Associate Professor Michael Warne has conducted a study with the Queensland Department of Environment and Science in which he analysed 2,600 water samples from 15 waterways that discharge into the Great Barrier Reef lagoon over a four-year period.
It is the most comprehensive analysis of pesticide mixtures in creeks and rivers discharging to the Great Barrier Reef ever undertaken.
Dr Warne said the mixtures of pesticides were surprising.
“While I knew many water samples would contain mixtures, I was shocked to find that essentially every sample contained mixtures of pesticides,” Dr Warne said.
“We found 99.8 per cent of the samples contained pesticide mixtures with up to 20 pesticides in any single water sample.
“The issue with having mixtures of pesticides is that as the number of pesticides increases the impact to aquatic ecosystems generally increases.”
Dr Warne said the best way to address the problem of pesticides and pesticide mixtures in run-off = is to work with land managers, share information and help them to improve their pesticide management practices.
“We are doing just that with other partners including Farmacist, James Cook University and the Department of Environment and Science through Project Bluewater which is funded by the Great Barrier Reef Foundation,” he said.
“This project is working with 70 sugar cane farmers in the Barratta Creek and Plane River catchments to improve their pesticide management and application, upgrade equipment, reduce pesticide use and switch to using lower risk pesticides.

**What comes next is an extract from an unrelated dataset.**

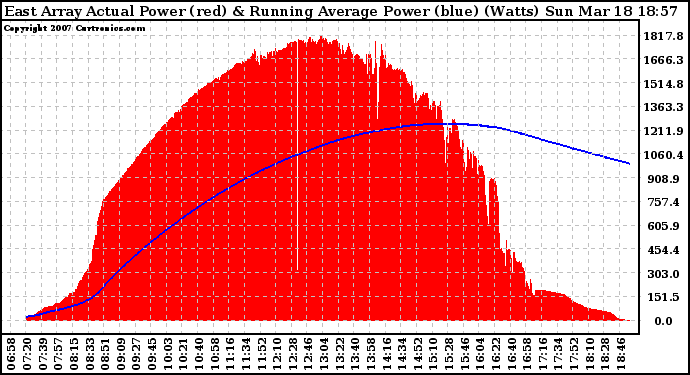 Solar PV/Inverter Performance East Array Actual & Running Average Power Output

“We have found the farmers involved to be very eager to engage with the science – they have embraced the challenge and are making significant steps toward improvement.

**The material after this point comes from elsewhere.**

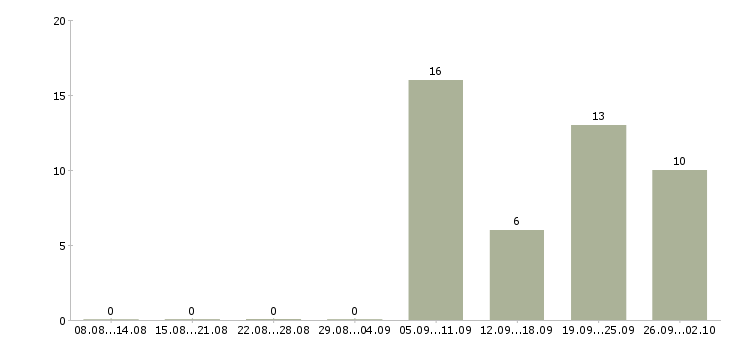 Работа водитель категории в Чувашия - Число вакансий Чувашия по специальности водитель категории в за 2 месяца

“We are looking to expand this project to include considerably more farmers in more catchments and make more rapid progress in reducing pesticide losses to waterways.
“There is always hope, but this study reveals the pesticide situation is more complex than we previously realised.”
This work appears to support the inclusion of the pesticide reduction target in the Reef 2050 Water Quality Improvement Plan, which aims to protect at least 99 per cent of aquatic organisms at the mouths of rivers from the adverse effects of pesticides.